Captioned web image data
--------
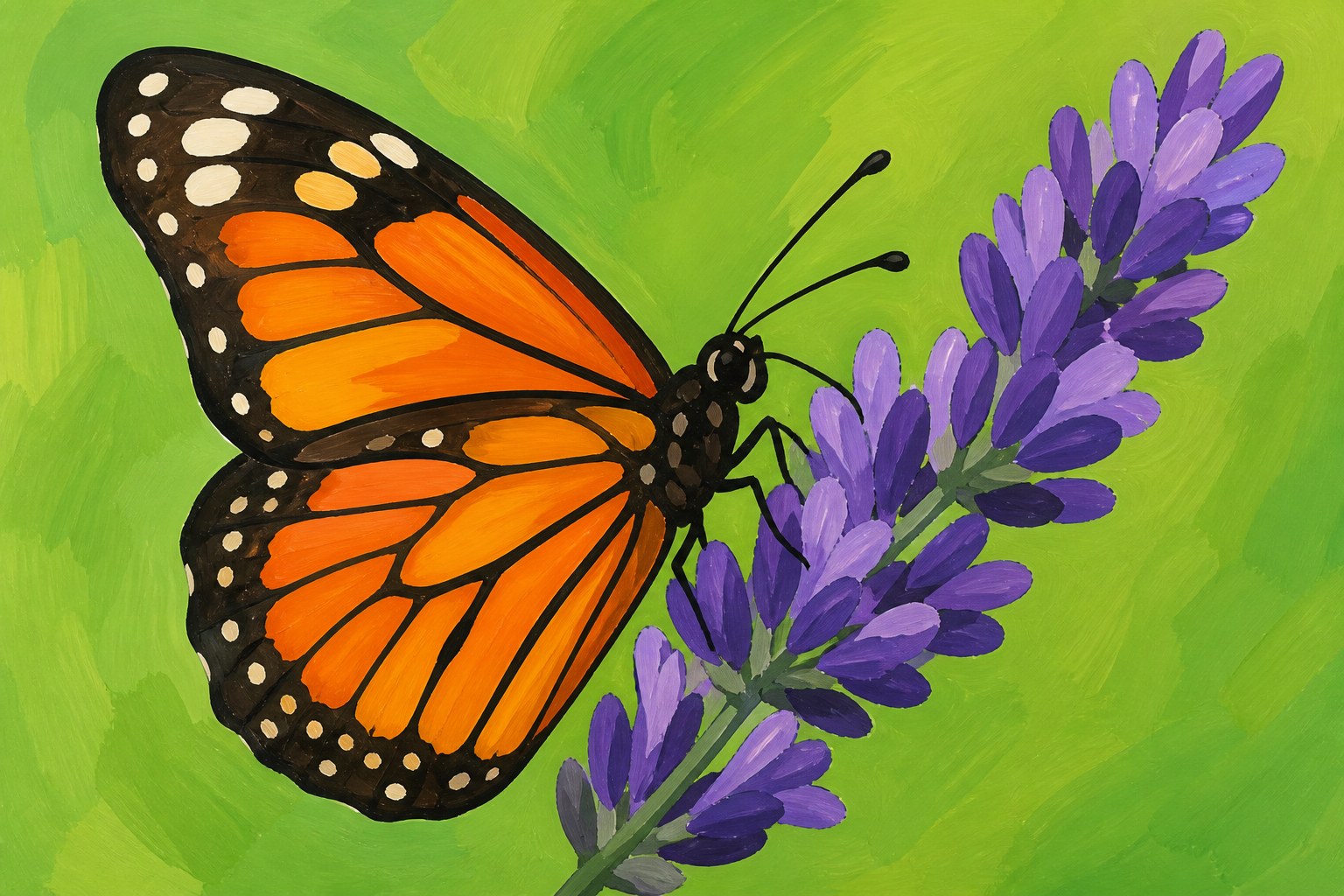 Schilderen op nummer oranje vlinder op paarse lavendel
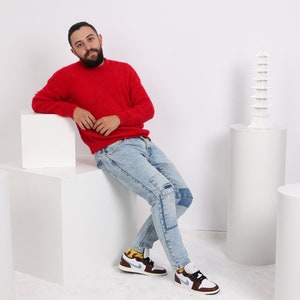 Red Alpaca Sweater, Men Hand-Knitted Sweater, Alpaca Wool Blend, Timeless Elegance, Cozy Winter Style, Natural Fiber Fashion, T1607
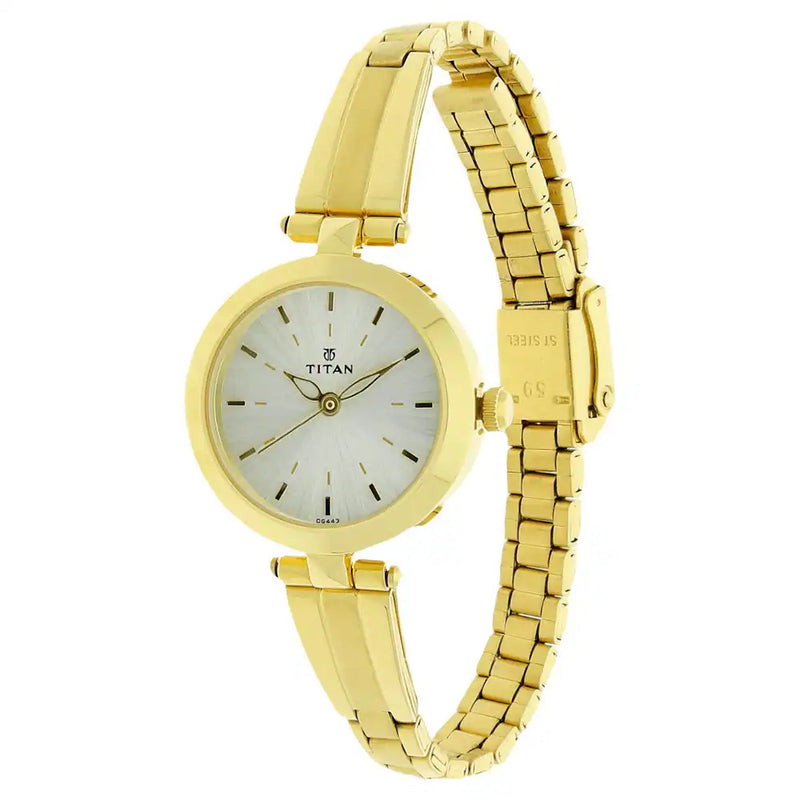 Titan Champagne Dial Golden Stainless Steel Strap Watch - 2574YM01 - KRISHNA WATCH COMPANY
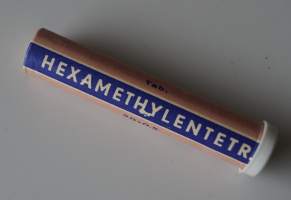 Hexamethylenter- tyhjä käyttämätön lääkepakkaus  pahvia  85x15  mm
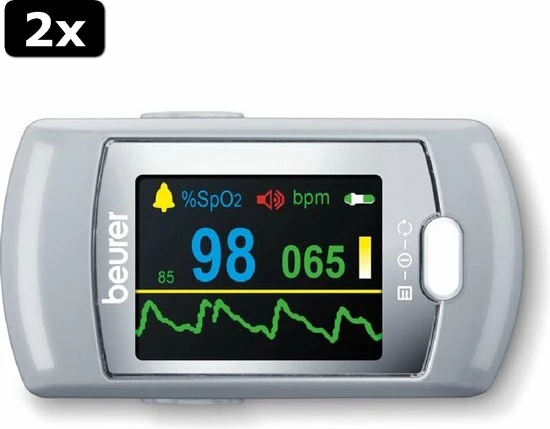 2x Beurer PO80 - Saturatiemeter/Pulseoximeter - Hartslagmeter - USB Data-overdracht 4 2x Beurer PO80 - Saturatiemeter/Pulseoximeter - Hartslagmeter - USB Data-overdracht - Afbeelding 2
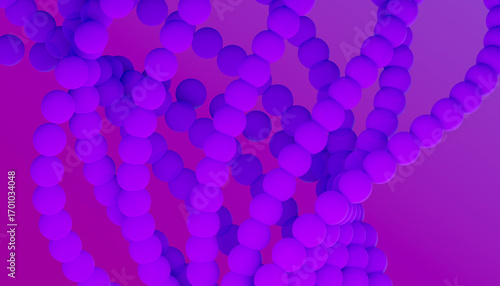 Purple spheres creating lines over a blue background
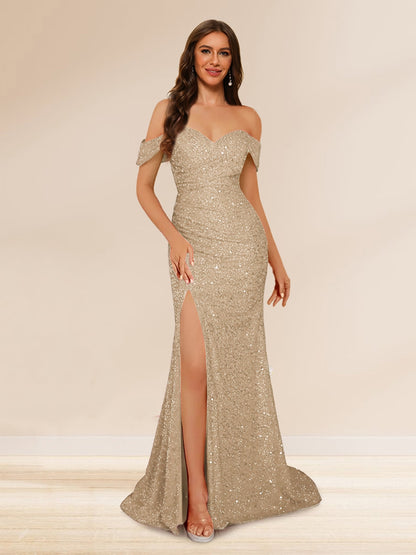 Trumpet/Mermaid Off-the-Shoulder Long Evening Dresses with Sequins & Split Side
--------
**Aim of the exercise:** Please return, without any change, the lines from the line containing "Titan Champagne Dial" through the last line of the entries, dropping the pictures.

**Expected answer:**
 Titan Champagne Dial Golden Stainless Steel Strap Watch - 2574YM01 - KRISHNA WATCH COMPANY
 Hexamethylenter- tyhjä käyttämätön lääkepakkaus  pahvia  85x15  mm
 2x Beurer PO80 - Saturatiemeter/Pulseoximeter - Hartslagmeter - USB Data-overdracht 4 2x Beurer PO80 - Saturatiemeter/Pulseoximeter - Hartslagmeter - USB Data-overdracht - Afbeelding 2
 Purple spheres creating lines over a blue background
 Trumpet/Mermaid Off-the-Shoulder Long Evening Dresses with Sequins & Split Side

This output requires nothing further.